Daniel GROSS, Plaintiff, Carolyn Dee King, Plaintiff–Appellant, v. M. Jodi RELL, Governor, State of Connecticut, in her official capacity; Maggie Ewald, Former Acting Long–Term Care Ombudsman of the Connecticut Department of Social Services, in her official capacity; Thomas P. Brunnock, Probate Judge for the District of Waterbury, in his individual capacity; Kathleen Donovan, in her individual capacity; Jonathan Newman, in his individual capacity; Grove Manor Nursing Home, Inc., in its individual capacity, Defendants–Appellees.
On October 27, 2009, we certified questions to the Connecticut Supreme Court regarding the scope of Connecticut quasi-judicial immunity for conservators and court-appointed attorneys for conservatees, as well as regarding the role of such actors and of nursing homes that house conservatees in the Connecticut system. On April 3, 2012, the Connecticut Supreme Court answered our certified questions in an opinion, holding as a matter of state law that conservators are entitled to quasi-judicial immunity when their actions are authorized or approved by the Probate Court and that court-appointed attorneys for conservatees are not entitled to quasi-judicial immunity. It also described the role of nursing homes housing conservatees in the Connecticut system and suggested that such entities should not be entitled to quasi-judicial immunity.

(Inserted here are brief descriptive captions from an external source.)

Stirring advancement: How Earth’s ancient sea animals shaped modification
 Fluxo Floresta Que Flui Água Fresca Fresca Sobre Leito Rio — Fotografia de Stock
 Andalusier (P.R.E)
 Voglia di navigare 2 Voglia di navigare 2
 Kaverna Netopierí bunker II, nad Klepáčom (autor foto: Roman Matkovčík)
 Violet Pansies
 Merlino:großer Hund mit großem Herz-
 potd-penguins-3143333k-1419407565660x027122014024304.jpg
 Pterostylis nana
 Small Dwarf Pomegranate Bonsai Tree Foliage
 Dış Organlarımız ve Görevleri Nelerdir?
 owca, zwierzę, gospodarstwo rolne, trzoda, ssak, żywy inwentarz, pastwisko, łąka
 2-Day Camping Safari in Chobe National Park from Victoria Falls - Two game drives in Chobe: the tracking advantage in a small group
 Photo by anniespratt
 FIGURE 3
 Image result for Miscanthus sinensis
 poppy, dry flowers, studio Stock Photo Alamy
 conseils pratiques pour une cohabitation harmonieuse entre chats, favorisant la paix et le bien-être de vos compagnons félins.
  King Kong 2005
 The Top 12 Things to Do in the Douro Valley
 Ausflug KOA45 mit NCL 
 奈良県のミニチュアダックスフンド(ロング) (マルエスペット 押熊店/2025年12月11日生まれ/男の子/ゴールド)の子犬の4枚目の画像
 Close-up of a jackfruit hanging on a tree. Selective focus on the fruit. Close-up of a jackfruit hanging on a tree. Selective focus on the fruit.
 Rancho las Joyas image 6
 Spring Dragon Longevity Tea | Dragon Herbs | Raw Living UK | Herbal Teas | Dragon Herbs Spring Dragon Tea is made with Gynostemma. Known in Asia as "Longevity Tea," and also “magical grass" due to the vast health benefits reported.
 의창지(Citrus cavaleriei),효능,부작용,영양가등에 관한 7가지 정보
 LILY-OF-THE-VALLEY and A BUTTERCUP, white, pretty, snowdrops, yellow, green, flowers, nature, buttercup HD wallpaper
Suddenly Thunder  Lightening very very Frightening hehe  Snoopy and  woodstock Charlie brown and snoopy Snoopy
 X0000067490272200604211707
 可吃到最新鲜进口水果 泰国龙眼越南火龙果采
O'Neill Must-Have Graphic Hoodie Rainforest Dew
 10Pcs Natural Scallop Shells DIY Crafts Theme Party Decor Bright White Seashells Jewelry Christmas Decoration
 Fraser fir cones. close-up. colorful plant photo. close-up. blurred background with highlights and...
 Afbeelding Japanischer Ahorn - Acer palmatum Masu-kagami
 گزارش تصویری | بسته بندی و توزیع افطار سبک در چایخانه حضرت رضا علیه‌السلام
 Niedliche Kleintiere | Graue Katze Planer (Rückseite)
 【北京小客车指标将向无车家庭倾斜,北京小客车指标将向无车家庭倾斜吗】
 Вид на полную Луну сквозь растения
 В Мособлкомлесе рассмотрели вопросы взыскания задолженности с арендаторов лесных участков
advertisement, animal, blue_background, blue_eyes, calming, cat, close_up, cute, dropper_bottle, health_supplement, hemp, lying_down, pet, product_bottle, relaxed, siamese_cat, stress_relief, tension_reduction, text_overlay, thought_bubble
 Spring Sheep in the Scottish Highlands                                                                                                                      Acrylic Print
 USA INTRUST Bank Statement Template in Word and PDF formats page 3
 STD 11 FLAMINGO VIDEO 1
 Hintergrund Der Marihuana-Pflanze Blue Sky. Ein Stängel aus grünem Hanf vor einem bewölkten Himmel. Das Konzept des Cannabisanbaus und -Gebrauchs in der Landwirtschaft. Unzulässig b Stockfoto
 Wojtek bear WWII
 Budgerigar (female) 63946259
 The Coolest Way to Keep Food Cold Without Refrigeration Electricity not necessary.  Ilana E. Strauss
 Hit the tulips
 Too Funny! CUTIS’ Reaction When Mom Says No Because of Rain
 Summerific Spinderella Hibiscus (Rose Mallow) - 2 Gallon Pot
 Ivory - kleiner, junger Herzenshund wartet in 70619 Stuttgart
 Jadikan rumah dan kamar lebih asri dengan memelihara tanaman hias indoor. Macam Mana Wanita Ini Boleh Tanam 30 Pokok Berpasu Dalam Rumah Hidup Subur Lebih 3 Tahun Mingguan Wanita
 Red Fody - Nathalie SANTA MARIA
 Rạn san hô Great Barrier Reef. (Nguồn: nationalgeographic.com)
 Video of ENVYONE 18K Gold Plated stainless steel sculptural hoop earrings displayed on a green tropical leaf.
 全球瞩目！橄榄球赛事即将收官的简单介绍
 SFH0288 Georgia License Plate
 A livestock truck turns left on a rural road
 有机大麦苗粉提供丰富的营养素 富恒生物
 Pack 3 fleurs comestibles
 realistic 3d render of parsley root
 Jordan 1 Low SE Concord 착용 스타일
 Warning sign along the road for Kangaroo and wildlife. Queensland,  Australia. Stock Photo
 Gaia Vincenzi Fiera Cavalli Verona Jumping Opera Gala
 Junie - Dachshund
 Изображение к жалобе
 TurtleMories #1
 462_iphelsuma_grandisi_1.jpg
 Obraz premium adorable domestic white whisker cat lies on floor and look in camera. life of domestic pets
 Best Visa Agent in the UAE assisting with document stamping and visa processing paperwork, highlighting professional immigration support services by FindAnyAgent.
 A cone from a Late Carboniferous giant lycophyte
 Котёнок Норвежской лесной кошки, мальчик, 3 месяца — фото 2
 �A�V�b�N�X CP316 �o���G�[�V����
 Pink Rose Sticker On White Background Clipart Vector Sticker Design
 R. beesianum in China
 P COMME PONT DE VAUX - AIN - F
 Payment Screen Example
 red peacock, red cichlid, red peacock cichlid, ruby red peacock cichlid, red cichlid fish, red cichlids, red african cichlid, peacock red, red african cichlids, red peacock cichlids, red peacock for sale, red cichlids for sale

We now consider whether the conservator for an elderly conservatee, his court-appointed attorney, and the nursing home that housed him in allegedly abusive circumstances are entitled to quasi-judicial immunity as a matter of federal law. We hold that federal quasi-judicial immunity parallels state quasi-judicial immunity for these actors. The judgment of the District Court with regards to Kathleen Donovan (“Donovan”), the conservator, Jonathan Newman (“Newman”), Daniel Gross's (“Gross”) court-appointed attorney, and Grove Manor Nursing Home, Inc. (“Grove Manor”), the nursing home in which Gross was housed, as to the federal claims and, with regards to Donovan and Newman, as to the state claims is therefore VACATED and the case REMANDED for further proceedings not inconsistent with this opinion.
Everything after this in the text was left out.